Он ходил на сборы гитлерюгенда, хотя мать его туда неохотно отпускала, но очень уж ему самому хотелось! Он надевал белую рубашку с коричневым галстуком, заправленным в кольцо. Точно такое, как у наших пионеров, только вместо костра была свастика, да и салют был иной — рука, выброшенная вперед. Такие же, как и у нас, барабаны, и шествия. Да вместо «бей буржуев» кричали «бей евреев!» Я все думала, кто у кого заимствовал все эти формы, видимо, они у нас, так как германский фашизм моложе советского. Юный Эрни попал под двойной пресс: нового влияния с бесчеловечными принципами расового господства, элитного антисемитизма и гуманных привычек патриархальной семьи. Все это сказалось в отношении ко мне.

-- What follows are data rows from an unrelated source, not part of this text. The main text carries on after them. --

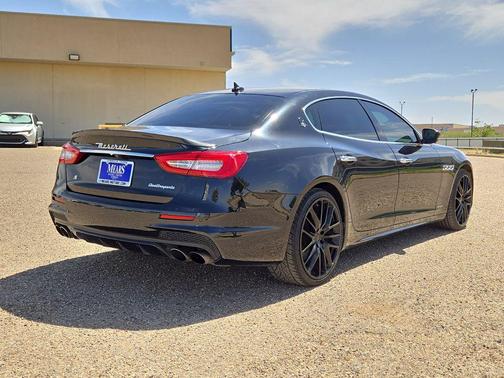 Black 2017 Maserati Quattroporte S GranSport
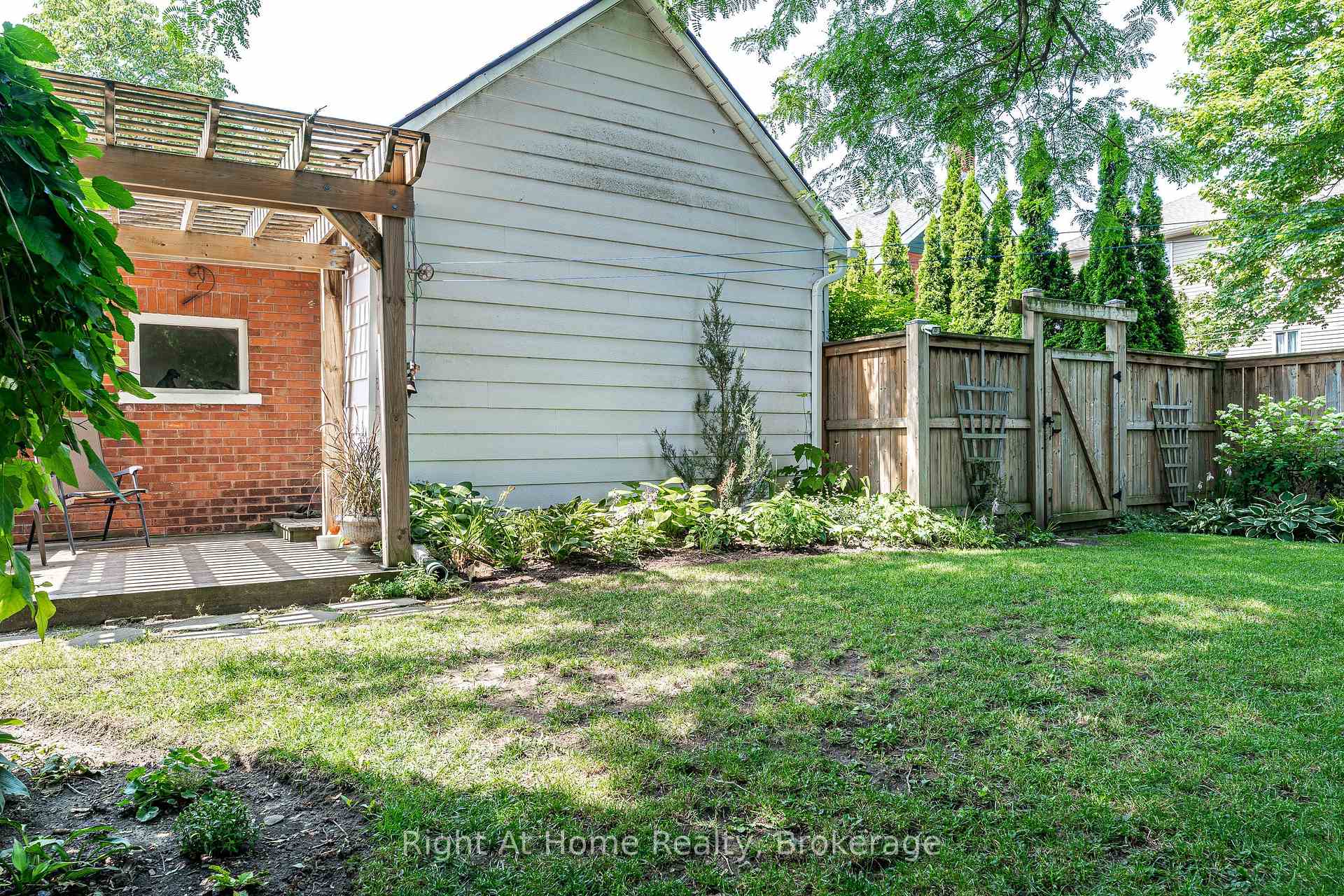 Photo 26 of 302 Huron Street, Stratford — HOMEH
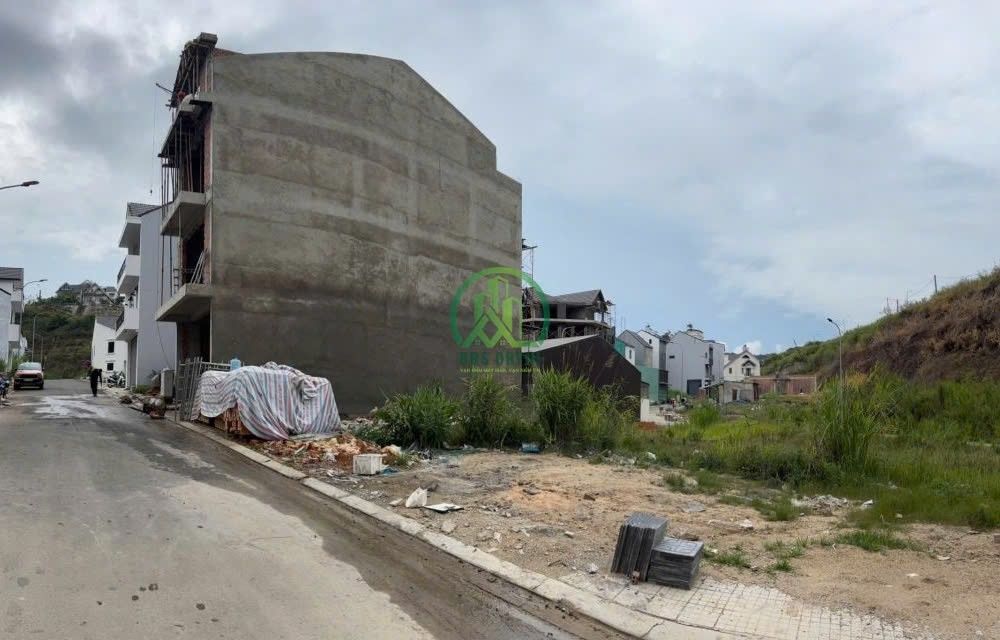 Đất Nền Đà Lạt 85m² - Giá Đầu Tư 6.6 Tỷ, Sổ Riêng, Vị Trí Đắc Địa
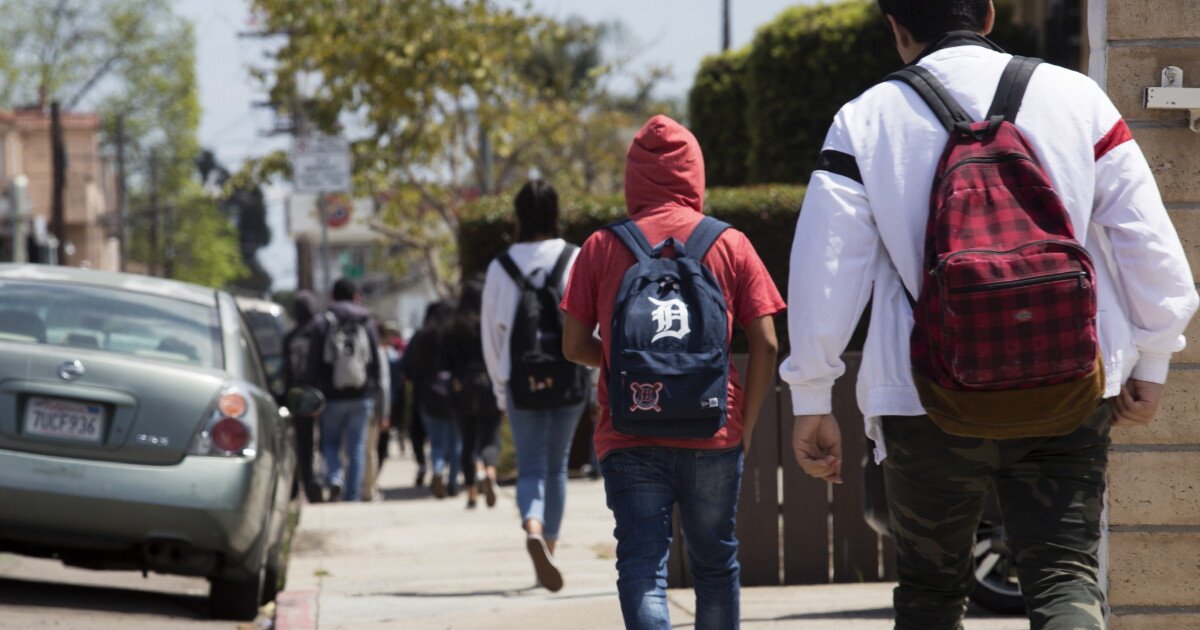 You are currently viewing More than 3,000 new students enrolled for San Diego Unified’s first day back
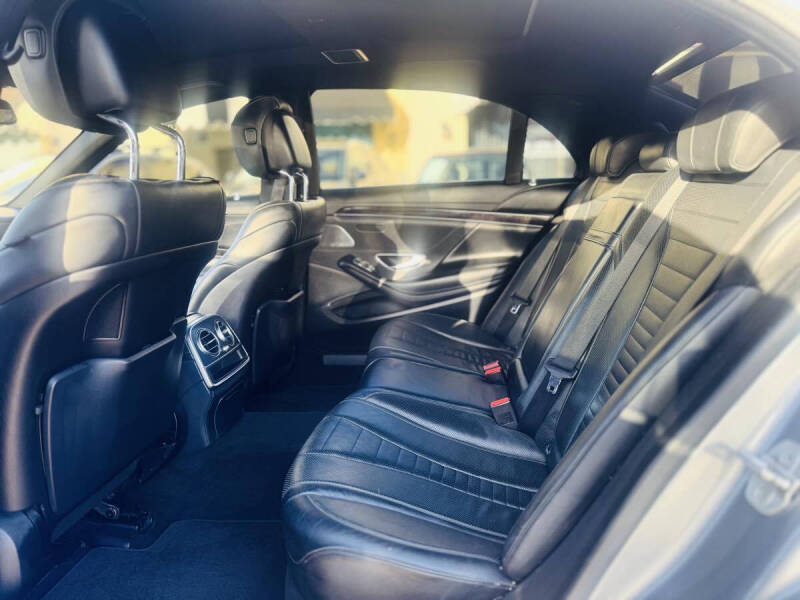 2015 Mercedes-Benz S-Class S 550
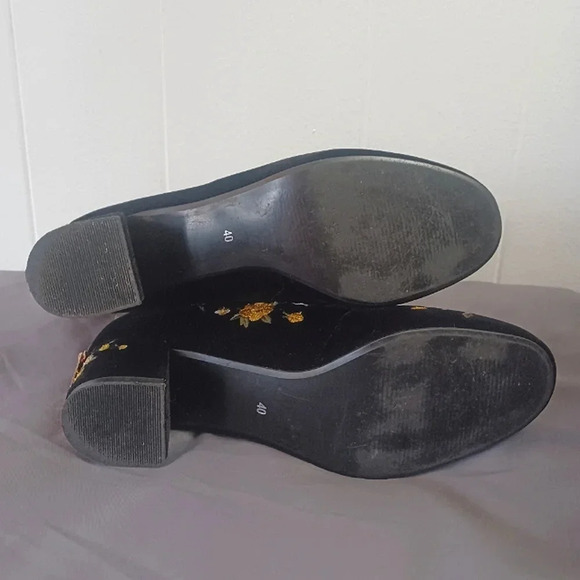 Topshop Black Velvet Embroidered Floral Ankle Boots - Picture 6 of 8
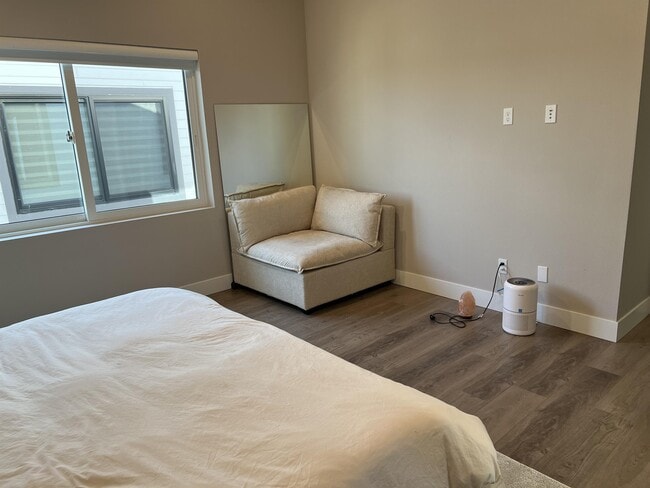 Building Photo - 4179 SE 68th Ave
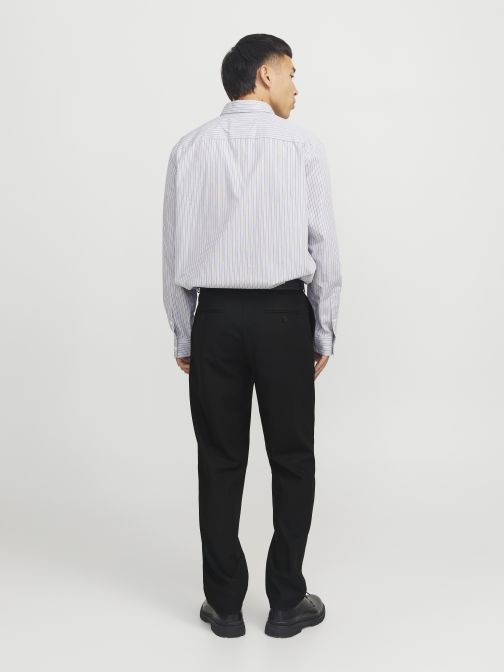 REGULAR FIT ÖLTÖNYNADRÁG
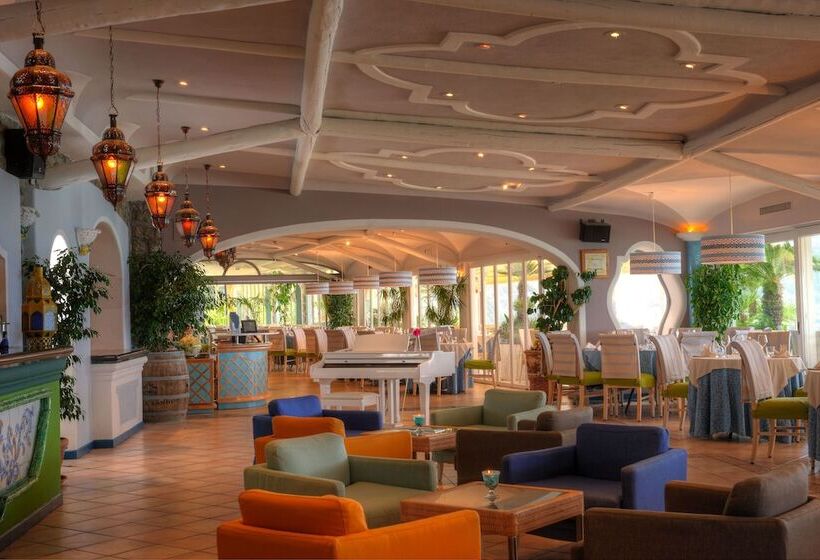 هتل Sorriso Thermae Resort & Spa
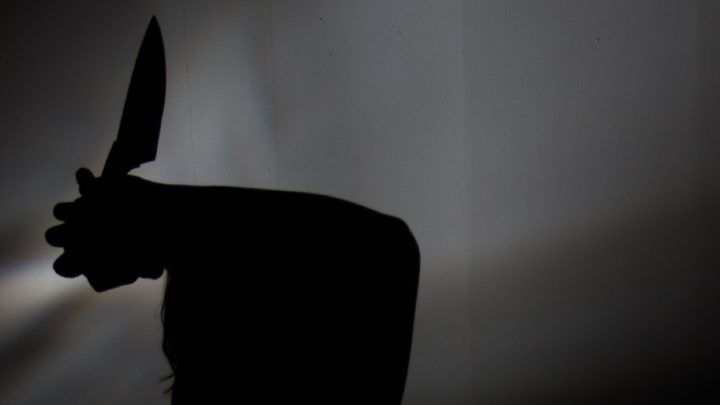Mulher corta genital do namorado que tentou estuprar a filha de 14 anos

Впервые с детским шовинизмом я столкнулась в деревне под Берлином. Группа мальчишек-подростков, которые есть в любых странах (мальчишки повсюду удивительно одинаковы), зная, что я из русского лагеря, начали плясать вокруг с дикими криками: «Каташка, Каташка!» — так испорченным словом Катюша (из проникшей в Германию нашей песни о Катюше) называли русских девчат. Я сказала что-то вроде «Ах, как невоспитанны немецкие дети!», и тогда они стали бросать в меня довольно крупными камнями. Пример отцов, в драках, создававших свою «новую Германию» был воспринят и юным ее поколением прямолинейно.

(Позднее похожая история повторилась в Сибири, когда детей из ПФЛ, посланных было в школу, сибирчата тоже били камнями). Чувство именно такого «кулачного патриотизма» уже было воспитано и у Эрни. И проявлял он его за спиной матери. Сперва, не зная, кто я, шаркнул ножкой и подставил щеку для поцелуя, но узнав все, начал грубить, говорить «ты» глядеть исподлобья, шептать «Катушка», особенно в дни наиболее неблагоприятных известий с фронта.

Мать, однако, пыталась, не разрушая героический «германский дух», соединить его с гуманностью общечеловеческой, полагая справедливо: «не будет же это продолжаться вечно».

В семье существовал ритуал отхождения ребенка ко сну. В ночной длинной рубашечке мальчик с матерью отправлялся в «нишу». Начинается молитва перед распятием. Сложив ладошки, коленопреклоненный, он просит сперва, чтоб немецкий Бог сохранил его фатти. Потом за — родину, Gott mit uns[35] заканчивается молитва. Но мать всегда напоминает, чтоб добавил: «И со всеми людьми на Земле, пусть будет мир». Укутав ребенка, Эгнес садится на край кроватки и требует покаяния во всех дурных делах, совершенных им за день. Лежа в кабинете, я невольно слышу диалог:

— Мутти, я еще птичку в саду камнем напугал…

— А еще, еще? — добивается мать, видимо что-то заметившая днем. Нехорошее.